Allah (C.C.)

02.05.2009

57406

İnanmak İstemeyene Allah'ı Nasıl İspatlarız?

Allah'ın varlığını nasıl anlatırız. Deliller gösterir misiniz?

07.05.2009 tarihinde cevaplandı.

Cevap

Her Şey Allah’ı Gösteriyor
İnsanın bu dünyaya gönderilmesindeki en önemli maksat; kendisini ve tüm evreni yaratan Rabbini tanıması, bilmesi ve O’na iman edip ibadet etmesidir. İnsan için Allah’ı tanımak ve O’na iman etmek, yaratılışın en önemli gayesidir. Yüce Rabbimiz, biz kulları için kendisini bildirecek ve tanıttıracak o kadar çok delil yaratmıştır ki saymakla bitmez.
Evet, şu büyük ve muhteşem evrene dikkatli bir şekilde bakarsak, her bir varlığın Allah’ın bir sanat eseri ve O’nun güzel isimlerinin bir aynası olduğunu görürüz. Yeryüzündeki ve gökyüzündeki her şey bize Rabbimizden haber verir. Her bir varlık; kusursuz, harika, sanatlı yaratılışı ve mükemmel işleyişiyle bize Yüce Allah’ı tanıtıp bildirir.

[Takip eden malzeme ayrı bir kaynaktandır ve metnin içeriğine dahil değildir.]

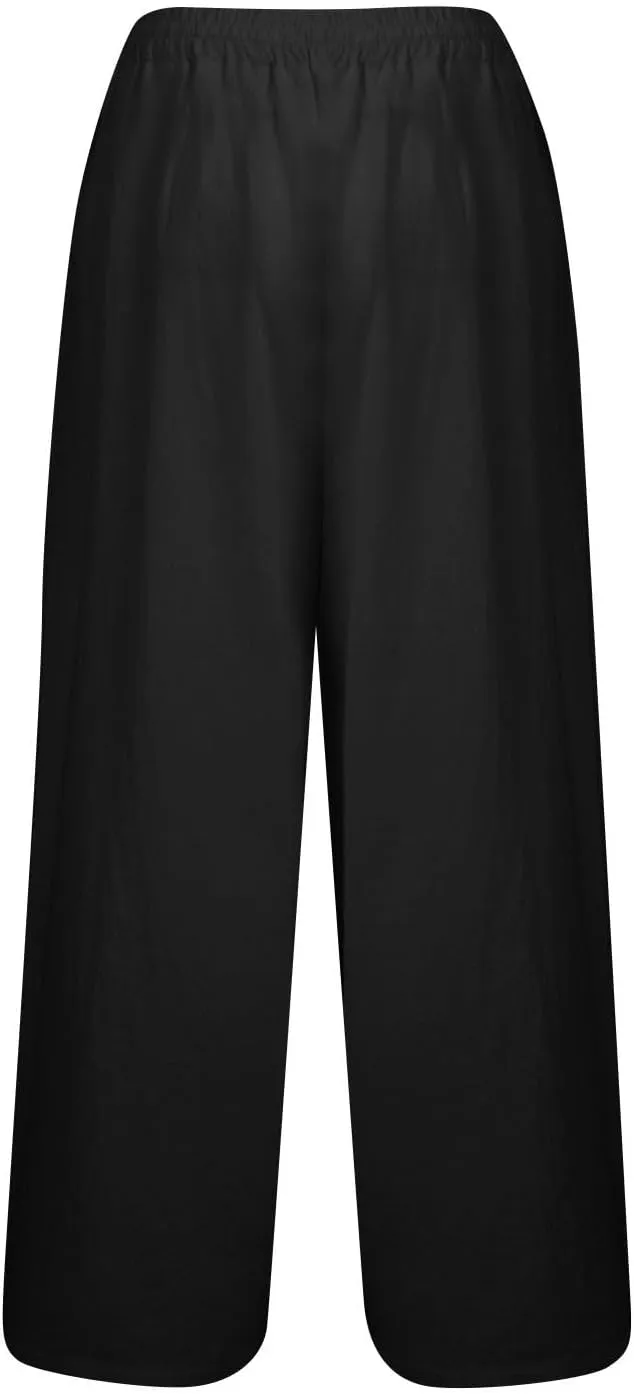 GOFULY Womens Lounge Pants 2025 Elastic Waist Drawstring Sumemr High Waisted Pants Straight Wide Leg with Pockets Trousers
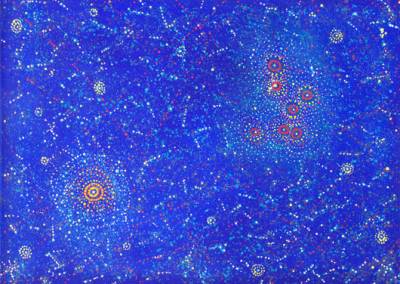 Australian Indigenous (Aboriginal and Torres Strait Islander) artwork by ALMA NUNGARRAYI GRANITES of Warlukurlangu Artists (Yuendumu). The title is Yanjirlpirri or Napaljarri-warnu Jukurrpa (Star or Seven Sisters Dreaming). [1784/10] (Acrylic on Linen)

Konunun daha iyi anlaşılması için bir örnek verelim:
Güzel bir sanat eseri gördüğümüz zaman merak ettiğimiz ilk şey o eseri kimin yaptığıdır. Çünkü her eser; fâilini, sanatkârını gösterir. Onu meydana getiren ustanın özelliklerini ve maharetini bildirir.
Mesela, Topkapı Sarayı gibi muhteşem, harika bir sanat eserini gördüğümüzde o sarayın mimarını merak ederiz. Çünkü böyle harika bir sarayın kendi kendine meydana gelmesi imkânsızdır. Garip rastlantılar sonucunda tesadüfen olması da mümkün değildir. Akılsız, elsiz, gözsüz ve cansız olan tabiat kanunlarıyla meydana gelmesi ise hiç mümkün değildir.
Evet, bir saray varsa onu yapan biri de mutlaka olmalıdır. Çünkü bir fiil fâilsiz, bir eser ustasız, güzel bir resim ressamsız ve bir nakış da nakşeden birisi olmaksızın kesinlikle meydana gelemez.
Bu saray bir plan dahilinde yapıldığına göre demek ki plan yapmayı, proje çizmeyi bilen birisi bu eseri yapmıştır. Ayrıca bu saray son derece sanatlıdır. Öyleyse bu eseri yapan kişi, sanatın inceliklerinden anlayan birisi olmalıdır. Hem bu saray, insanlar için yapılmıştır. Bu durumda sarayın mimarı, insanların ihtiyaçlarını ve zevklerini bilen birisi olmalıdır.
Bu muhteşem sarayın mimarını ve ustasını görmesek bile harika plânı, muhteşem büyüklüğü, mükemmel güzelliği ve göz kamaştıran süslemeleriyle onun sanatkârını ve mimarını görür ve tanırız.
İçinde yaşadığımız şu büyük Dünyamız da muhteşem bir saray gibi tasarlanıp yaratılmıştır. Hem örnekte anlattığımız saraydan milyonlarca kat daha mükemmel ve daha güzeldir. Şöyle ki: Bu dünya sarayının tavanı, bizlere tebessüm eden katrilyonlarca yıldızla donatılmış muhteşem gökyüzüdür. Tabanı ise doğudan batıya uzanan ve her gün tazelenen çeşit çeşit ağaçlarla, rengârenk çiçeklerle, lezzetli meyvelerle donatılmış ve sayısız canlılarla şenlendirilmiş yeryüzüdür. Güneş, bu sarayı aydınlatan bir lamba ve ısıtan bir sobadır. Bahar mevsimi, sonsuz nimetleri ve çeşit çeşit lezzetleriyle insanların önüne serilmiş bir rızık sofrasıdır. Yağmur yüklü bulutlar, adeta tüm canlıların su ihtiyacını karşılamak üzere yollanan bir rahmet süngeridir. Rahmet hazinesi olan dağlar ise birer su deposudur. Aynı zamanda yelkenli gemilerde dengeyi sağlayan direkler hükmündedir. Rüzgârlar ise bulutları taşır, bir klima gibi canlıları serinletir, havayı toz ve kirlerden temizler. Bitkilerin tohumlanmasını sağlar.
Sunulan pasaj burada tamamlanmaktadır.